More Inference, Less Infrastructure: VAST and NVIDIA in Action

AI inference has reached a scale where infrastructure assumptions that once held in the background will no longer do.

The most demanding inference workloads today are not defined by a single prompt and a short response but by long-lived interactions, multi-turn reasoning, and agentic workflows where large volumes of inference history must remain continuously available across multiple turns, multiple sessions, multiple agents, and even across multiple services.

As these workloads grow, the dominant constraint shifts. While GPU compute remains foundational, overall performance increasingly depends on how efficiently inference session history (context) can be stored, retrieved, reused, and shared under sustained load.

This shift is what NVIDIA is addressing today with their announcement of the Inference Context Memory Storage (ICMS) Platform for the NVIDIA Rubin platform. It elevates inference context, largely represented by key-value (KV) cache, into a first-class system resource and provides high-speed access to that context across a pod of 1,152 GPUs.

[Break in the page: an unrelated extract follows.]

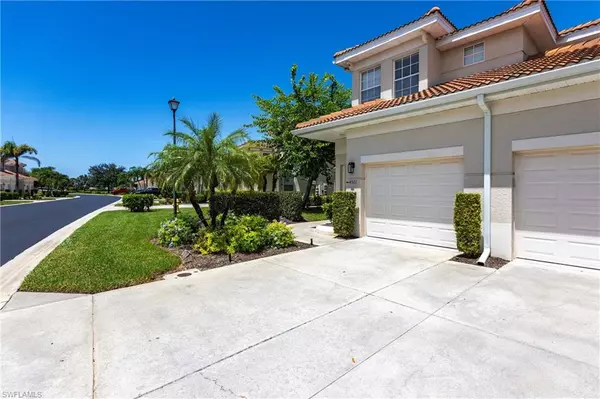 Naples, FL 34109,3054 Driftwood WAY #4502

As the context space grows into the hundreds of thousands or millions of tokens, inference history quickly outgrows any machine’s GPU and CPU memory. The system has to manage much larger working sets, and it must do so predictably, repeatedly, and without stalling execution. This is where KV cache (KV$ in short) management technology such as NVIDIA Dynamo comes in.

NVIDIA Dynamo inference computing framework comes equipped with a hierarchical KV Block Manager that creates a dynamic cache management system that extends from GPU memory to CPU memory and now into a new tier of persistent memory. The NVIDIA Inference Context Memory Storage Platform takes a new ultra-high-performance approach to solving the pressing capacity issue by moving inference context out of GPU and CPU memory and into persistent RDMA-connected NVMe storage so context size is not limited by a cluster’s memory space.

What ultimately determines success is not just that context can be stored, but how the system behaves once that context becomes large, shared, and continuously accessed.

Where traditional approaches fall short

When latency matters, every single operation in the data path will determine the effectiveness of how systems can support inference context data services. Looking across how traditional storage systems are built today, it’s clear that there are a number of inefficiencies that needed to be engineered out of a shared KV$ namespace in order to ensure the absolute lowest time-to-first-token (TTFT).

The Data Path

Since KV retrieval time dominates the inference experience, let’s focus on the time to retrieve data from shared storage. The journey of a piece of data from a shared SSD (or SSDs) to the GPU memory of a client has never been completely optimal. SSD data gets copied into storage controllers, controllers copy data into file servers, file servers copy data into a host’s CPU memory and data is then copied from CPU memory into GPU memory. Here, RDMA helps - where NVMe-over-Fabrics can eliminate a memory copy operation into a controller or file server, and GPUDirect Storage can eliminate the copy from the file server into CPU memory - placing data directly into GPU memory from the file server.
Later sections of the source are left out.